## What to do
Every record below should be repeated exactly. Omit the pictures.

## Supplied data
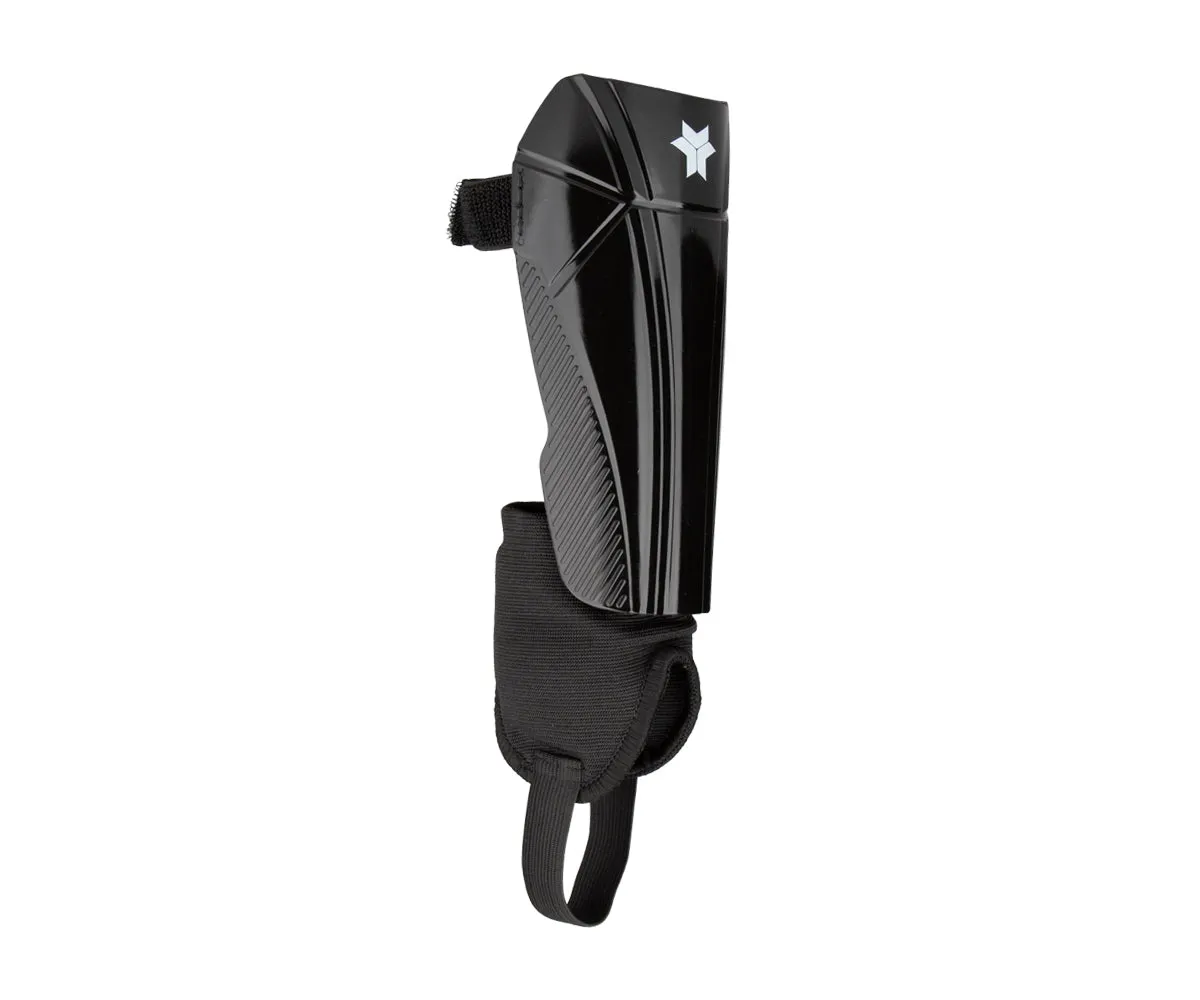 Protège tibia Primus pour enfants (Junior) - CERAMICA SHINGUARD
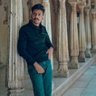 Profilbild von Rajesh kumar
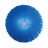 Настенно-потолочный светильник Axo Light Muse PL MUSE 60 BL PLMUSE60BLXXE27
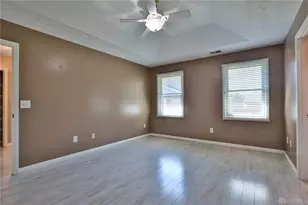 410 Armand Dr, Troy, OH 45373 - Photo 20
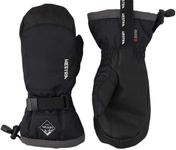 Hestra Gauntlet CZone Junior Mitt -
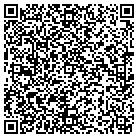 QR code with Loadmaster Trucking Inc contacts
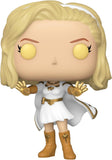 The Boys Starlight (Common) Funko Pop! #980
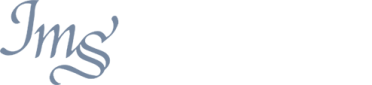 updated logo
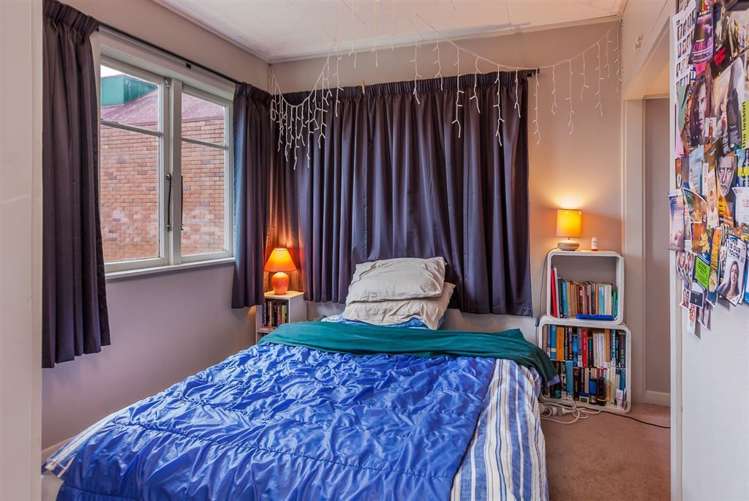 17 Glendale Road Glen Eden_19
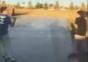 Geilster Fight Ever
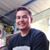 Rhey Melendez's profile image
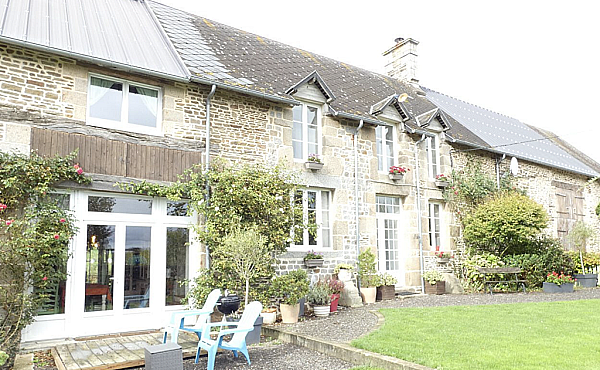 Property_For_Sale_in_France-with_Cle_France_Join_our_mailing_List_MNB07279_35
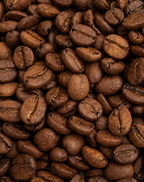 Vuelo Andino Coffee | Café Especial de Origen Castillo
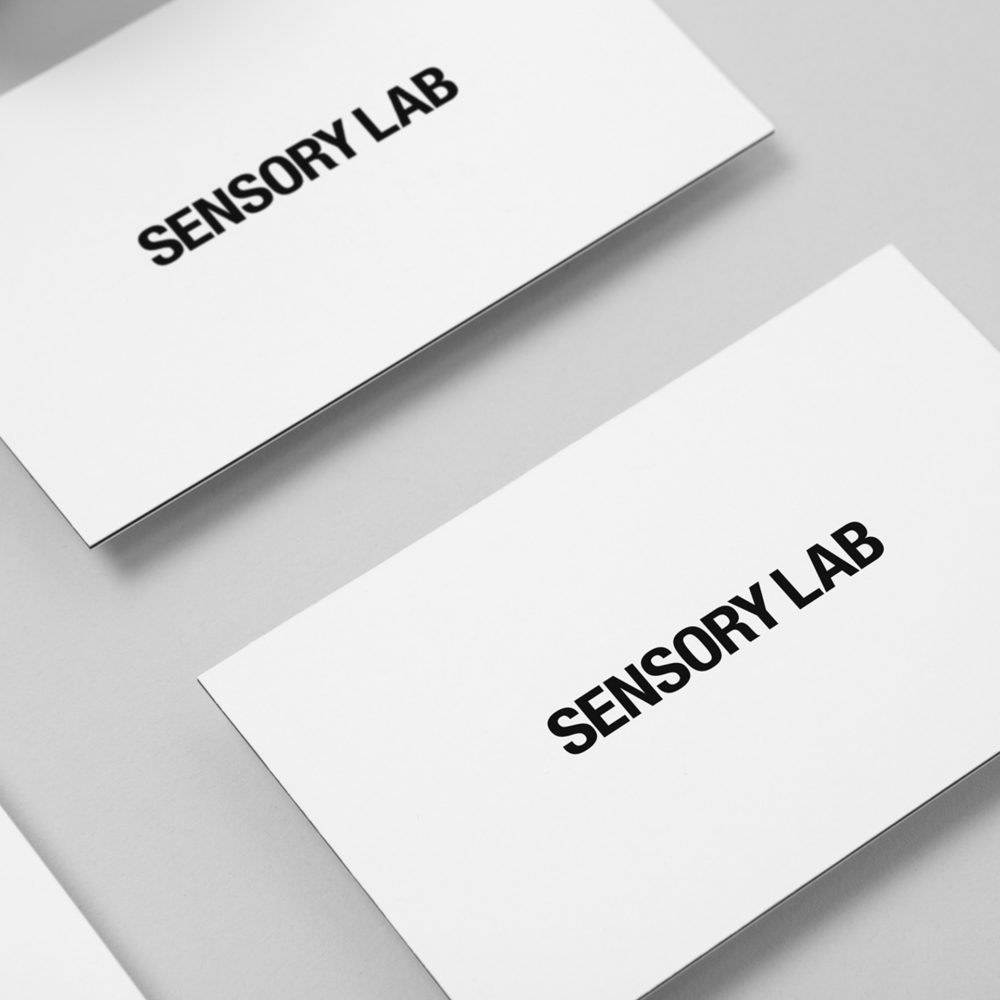 GoldStreet_SendoryLab_Brand-5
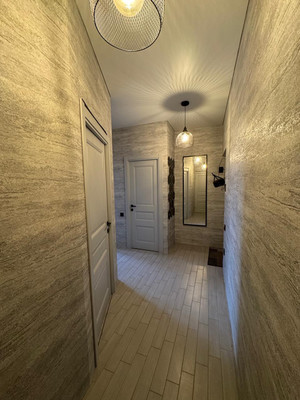 Продам двухкомнатную (2-комн.) квартиру, Кабардинская ул, 230к4, Нальчик г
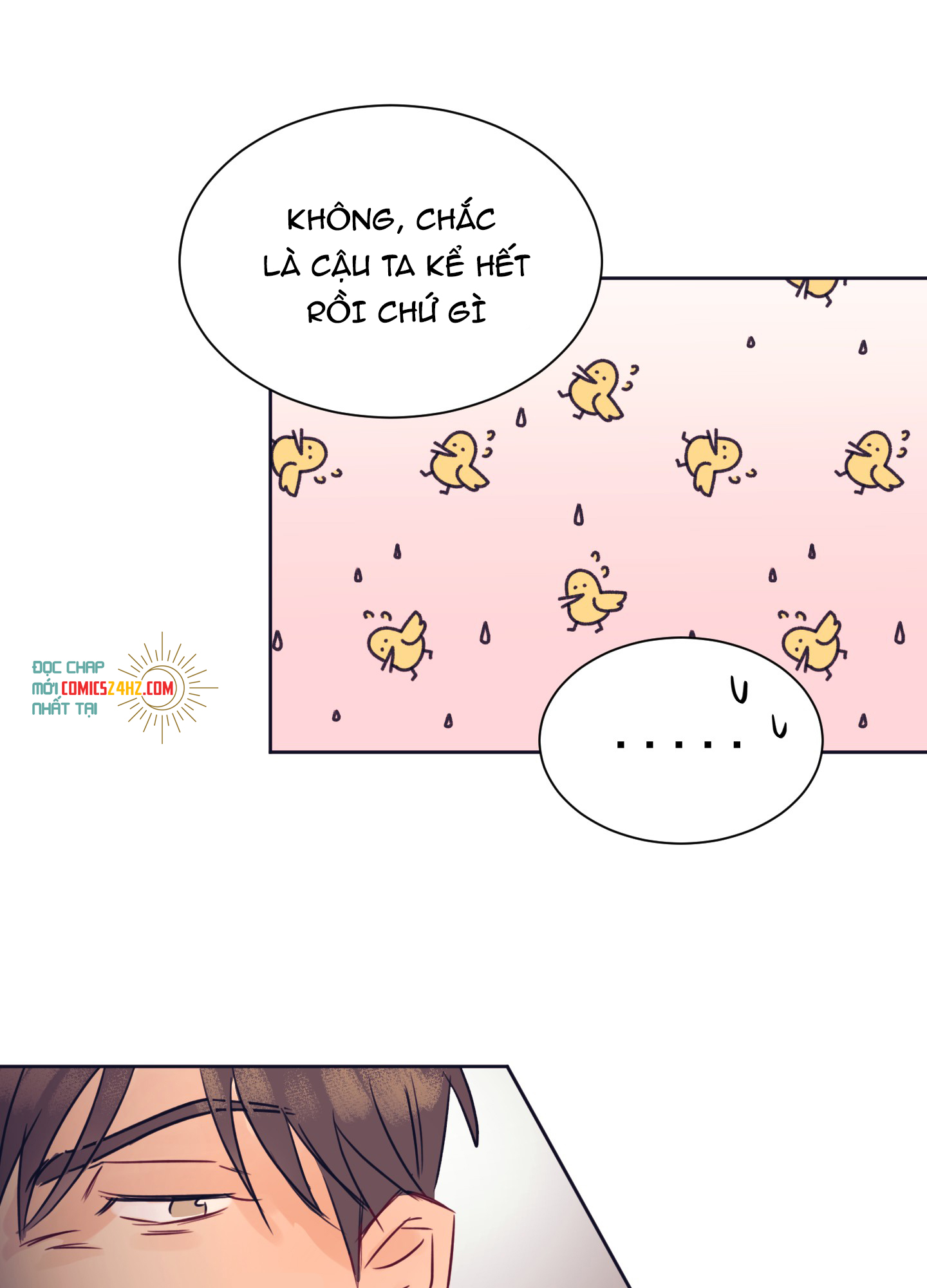 tình yêu lụi tàn chapter 11 71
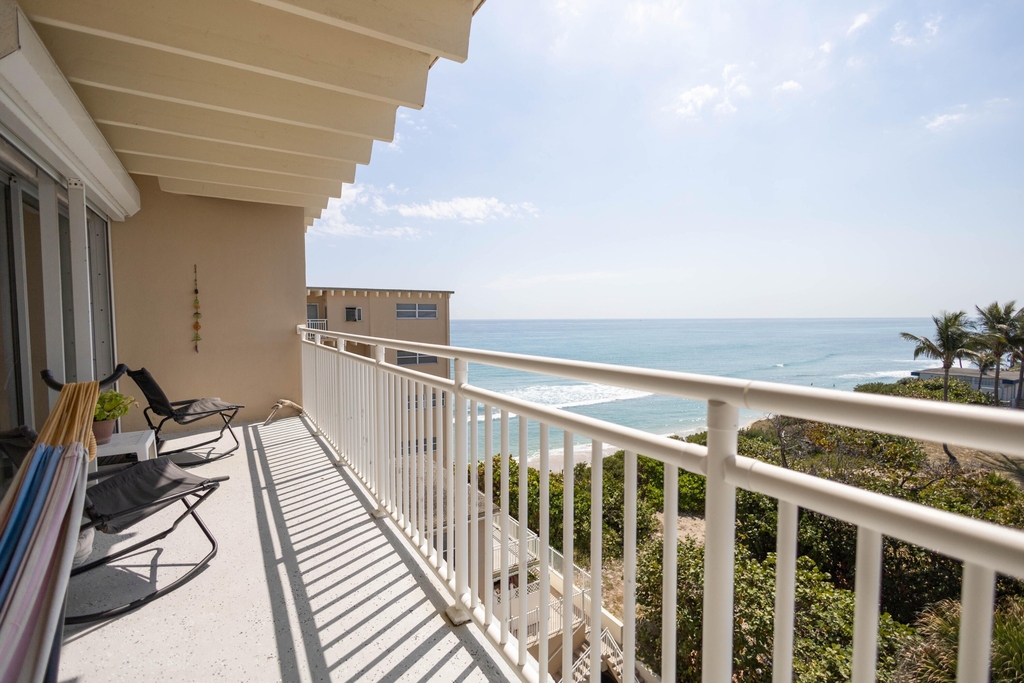 4500 S Ocean Boulevard - Photo 15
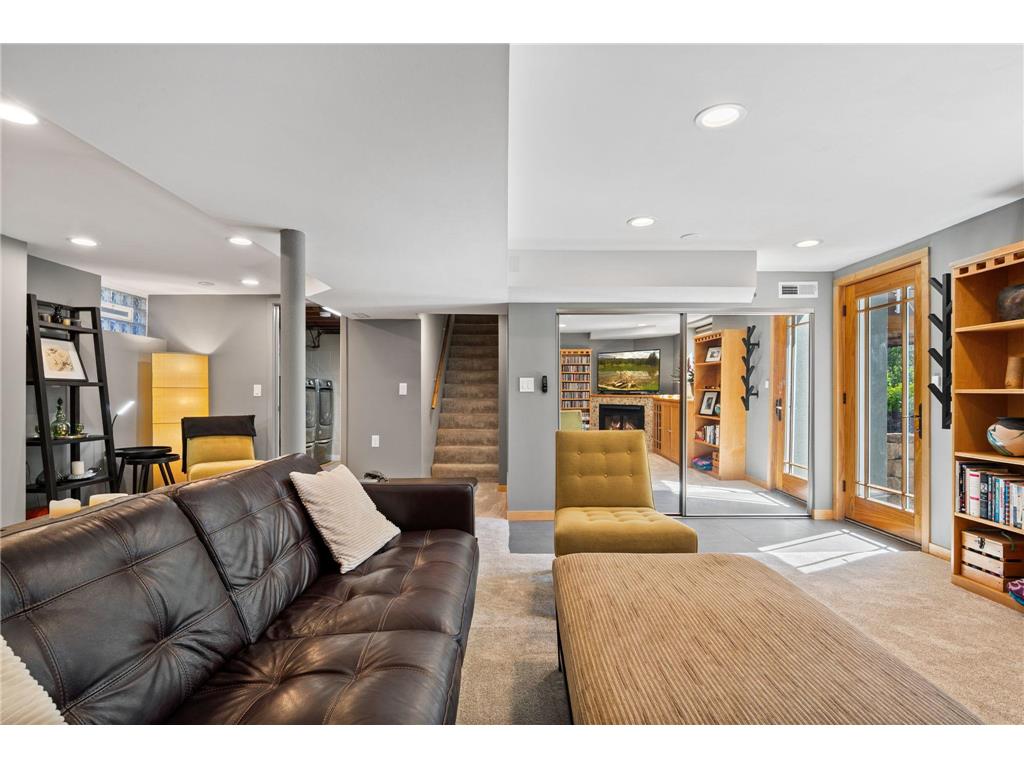 2101 Regent Avenue N Golden Valley MN 55422 - Bassett Creek 7079950 image20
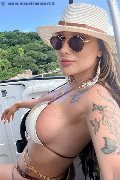 Quartu Sant'elena Trans Raphaela Martins Pornostar 371 77 53 345 foto selfie 13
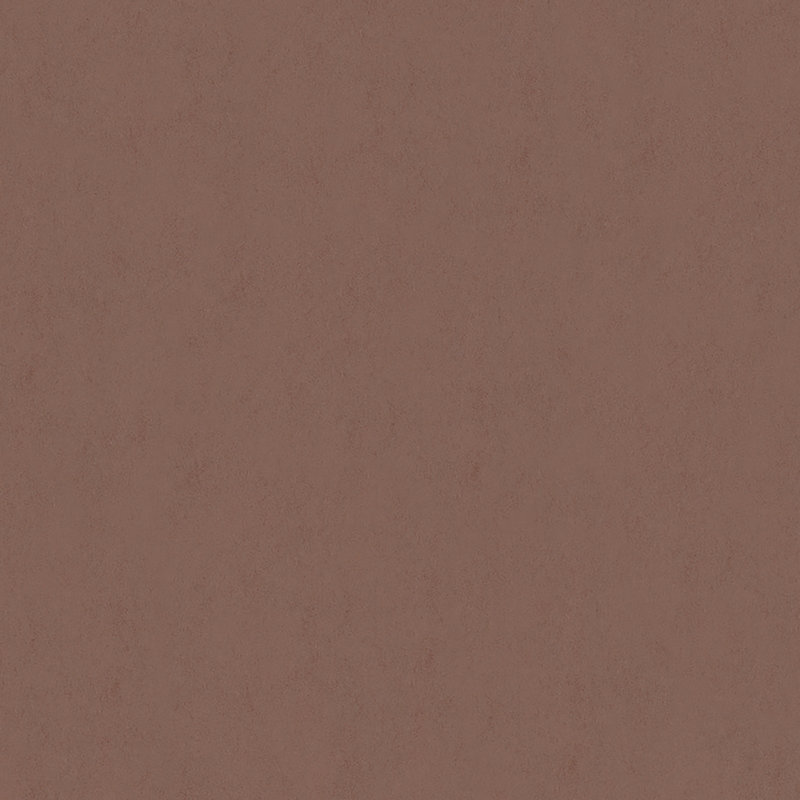 Purity 33cm x 70cm Wallpaper Roll, Red
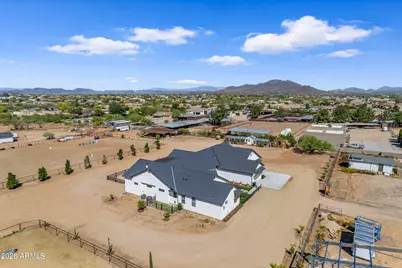 37522 N 7th Avenue, Phoenix, AZ 85086 - Photo 120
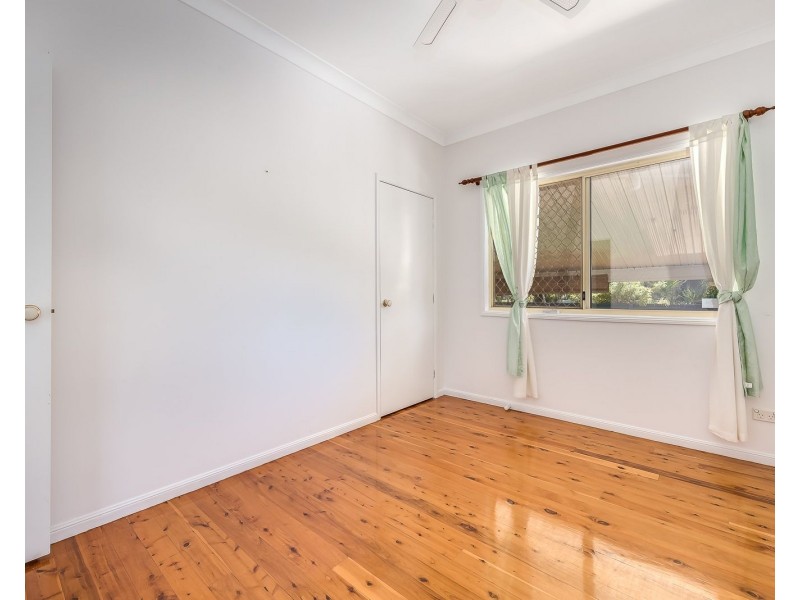 72 Tamworth Drive, Helensvale QLD 4212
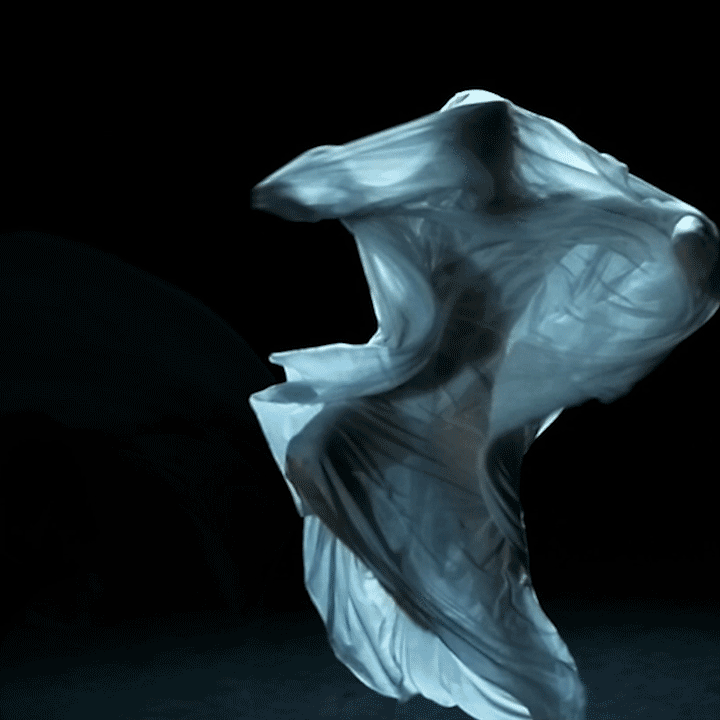 Hot boys trudeau interview GIF Find on GIFER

## Expected answer
 Protège tibia Primus pour enfants (Junior) - CERAMICA SHINGUARD
 Profilbild von Rajesh kumar
 Настенно-потолочный светильник Axo Light Muse PL MUSE 60 BL PLMUSE60BLXXE27
 410 Armand Dr, Troy, OH 45373 - Photo 20
 Hestra Gauntlet CZone Junior Mitt -
 QR code with Loadmaster Trucking Inc contacts
 The Boys Starlight (Common) Funko Pop! #980
 updated logo
 17 Glendale Road Glen Eden_19
 Geilster Fight Ever
 Rhey Melendez's profile image
 Property_For_Sale_in_France-with_Cle_France_Join_our_mailing_List_MNB07279_35
 Vuelo Andino Coffee | Café Especial de Origen Castillo
 GoldStreet_SendoryLab_Brand-5
 Продам двухкомнатную (2-комн.) квартиру, Кабардинская ул, 230к4, Нальчик г
 tình yêu lụi tàn chapter 11 71
 4500 S Ocean Boulevard - Photo 15
 2101 Regent Avenue N Golden Valley MN 55422 - Bassett Creek 7079950 image20
 Quartu Sant'elena Trans Raphaela Martins Pornostar 371 77 53 345 foto selfie 13
 Purity 33cm x 70cm Wallpaper Roll, Red
 37522 N 7th Avenue, Phoenix, AZ 85086 - Photo 120
 72 Tamworth Drive, Helensvale QLD 4212
 Hot boys trudeau interview GIF Find on GIFER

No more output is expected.